- Interactive map of the Hazrati Bashir mausoleum area

General information
- Type: Mausoleum
- Classification: Cultural heritage object
- Location: Bashir village, Kitob district, Qashqadaryo region, Uzbekistan
- Coordinates: 39°16′16″N 67°06′04″E﻿ / ﻿39.270991°N 67.101079°E
- Named for: Hazrat Sultan Said Ahmad Bashir
- Year built: 18th century
- Owner: State property

Technical details
- Material: Wood
- Floor count: 2

Design and construction
- Designations: Included in the national register of immovable property objects of material cultural heritage on October 4, 20191
- Known for: The burial place of Hazrat Sultan Said Ahmad Bashir, a famous Sufi saint and scholar

= Hazrati Bashir Mausoleum =

The Hazrati Bashir Mausoleum (Uzbek: Hazrati Bashir maqbarasi) is a cultural heritage object located in Uzbekistan. The object was built in the 18th century. Hazrati Bashir mausoleum is located in the Bashir village of Kitob district, Qashqadaryo region. According to the rights of immovable property, it is considered state property on the basis of the operational management right of the Qashqadaryo region cultural heritage administration.

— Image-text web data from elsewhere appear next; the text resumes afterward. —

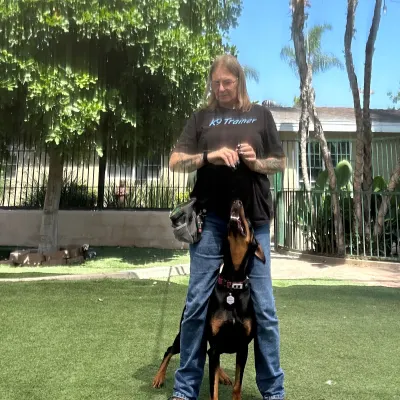 Debbies Dog Training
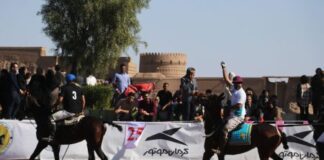 آیین ملی چوگان ایران در ارگ جدید بم برگزار شد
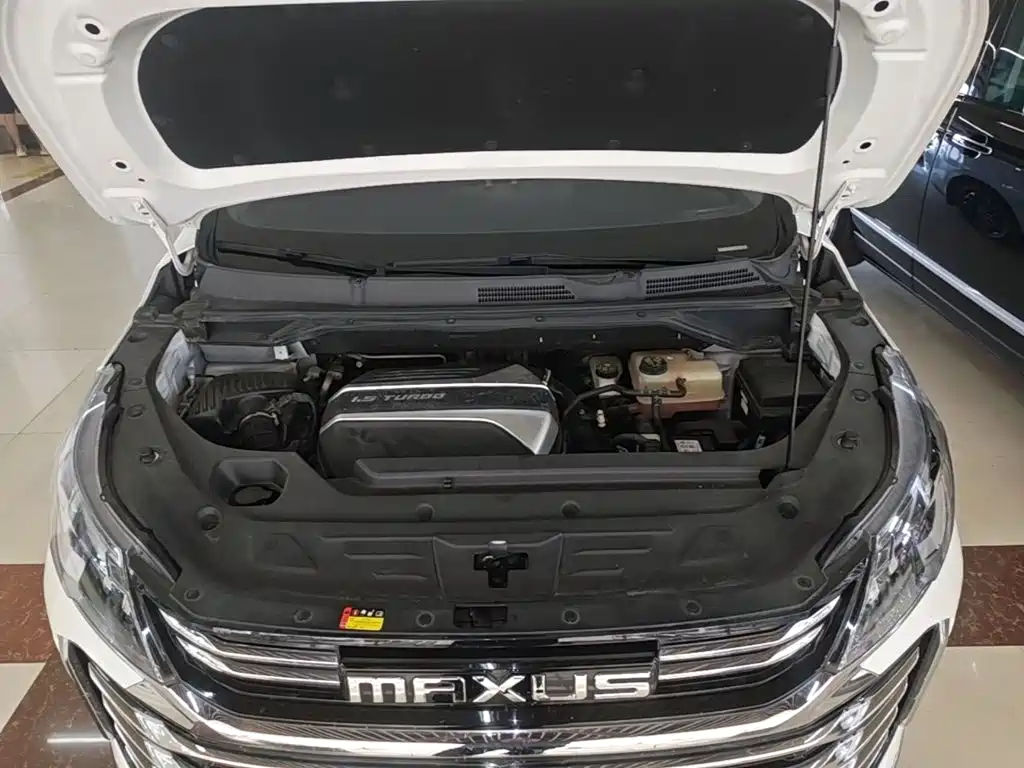 Фото 20 - Maxus Maxus G50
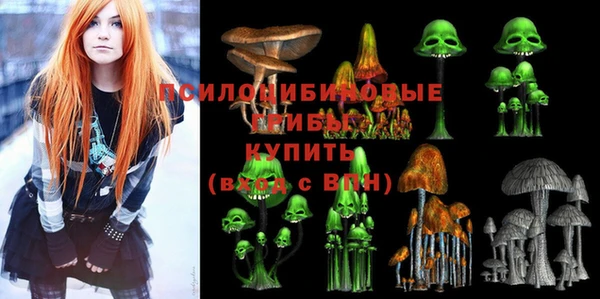 марихуана Абаза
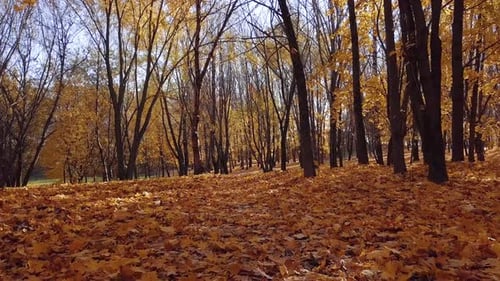 Autumn Garden in the City Park, Sunny Day.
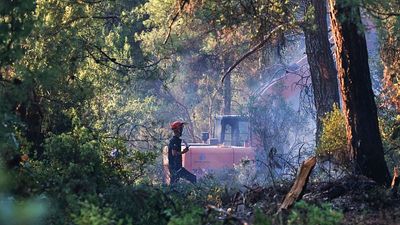 Intense floods strike Romania as wildfires rage across Turkey and Albania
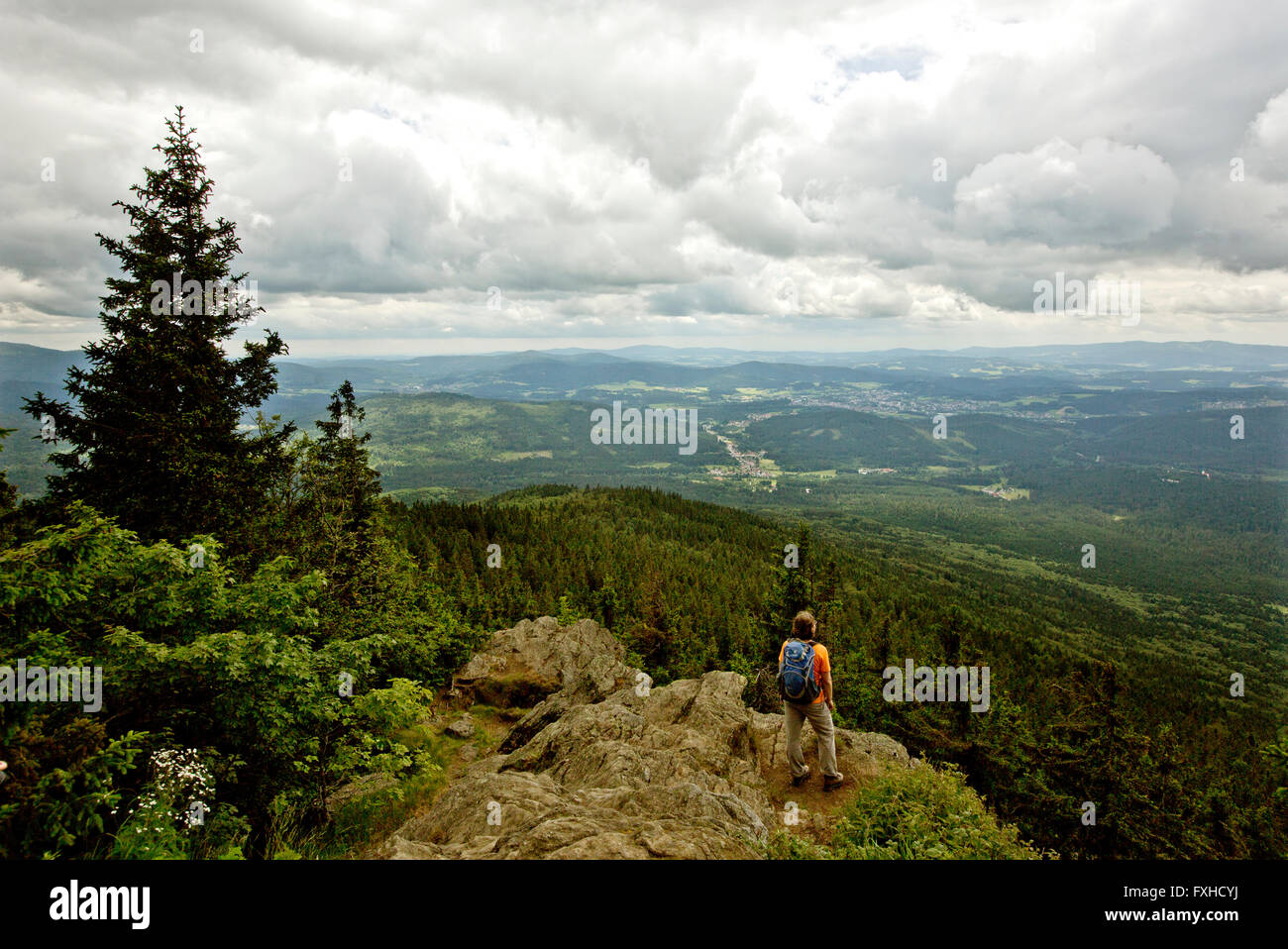 Ein Walker in den Bayerischen Wald Nationalpark, Bayern, Deutschland Stockfoto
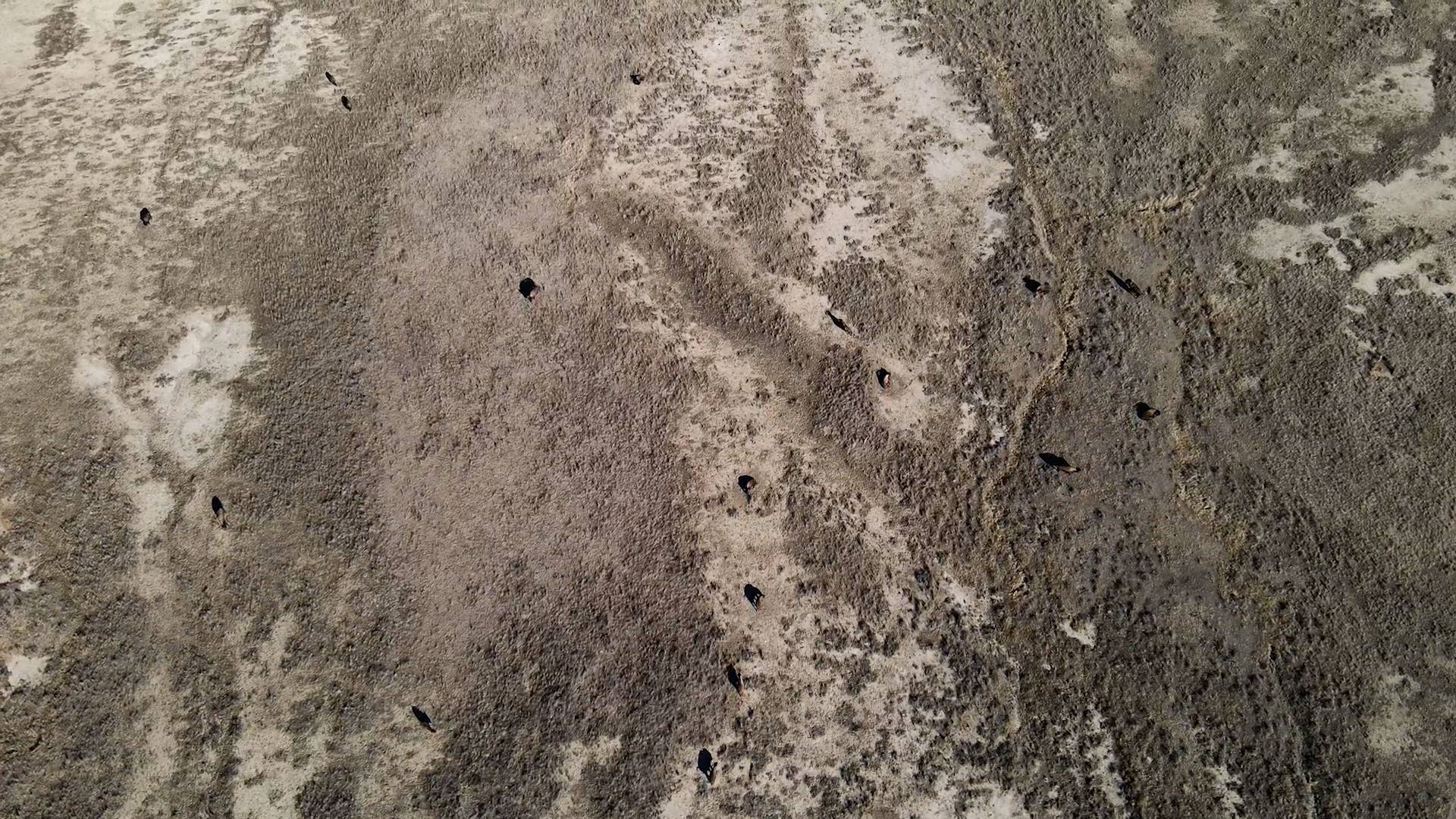 american prairie drone.jpg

It is entrusted to the “Vaqf” charity community fund on the basis of a free use agreement. By the decree of the Cabinet of Ministers of the Republic of Uzbekistan, it was included in the national register of intangible property objects of material cultural heritage on October 4, 2019 — taken under state protection.

==Naming==
The mausoleum is named after a person whose original name was Sayyid Ahmad. This person was popular among the people by the names of Bashir or Beshir ota. Bashir (or beshir) means a person who has not drunk milk.

Hazrat Sultan Said Ahmad Bashir (1368—1464) according to legends, his father Khwaja Hasan was 90 years old, his mother Bibi Malokhat was 80 years old when he was born. After this son, they have two more children and Said Ahmad does not drink his mother's milk. His birth is also associated with the prayer of Said Nematullah, the uncle of Amir Temur’s teacher Mir Said Baraka. Said Ahmad Bashir became famous by the nickname “Mir of Truth”. He became interested in the Khwaja Ahmad Yassaviy tariqa at a time when the Naqshbandiyya teachings were widely spread in Central Asia.

Many Muslims from different countries came to Hazrat Bashir ota's presence and became his disciples. He died around 1464 and was buried in Niyoztepa in Bashir village.

His grave is located on a hill covered with archa trees, in a place where he built a house for himself.

==Architecture==
A memorial carved by masters in the form of a chest is installed on the tombstone of Hazrati Bashir ota in the mausoleum. Two sons and one servant of Bashir ota are also buried in the mausoleum. There is also a tombstone in the mausoleum, which is considered to belong to the original Mongol emperor Mirzo Sayyid Ahmad Jamoliddin.

The mausoleum is built of simple, colorless, plain wood. The mausoleum consists of two floors. Near the mausoleum there is also a room where Hazrati Bashir ota lived.

The mausoleum was moved to the left side of the grave due to the construction of the Hazrati Bashir ota mosque and brought to its current place.

In 1943, the mausoleum and mosque area was abandoned. The bricks of the madrasah located in the pilgrimage area were taken away.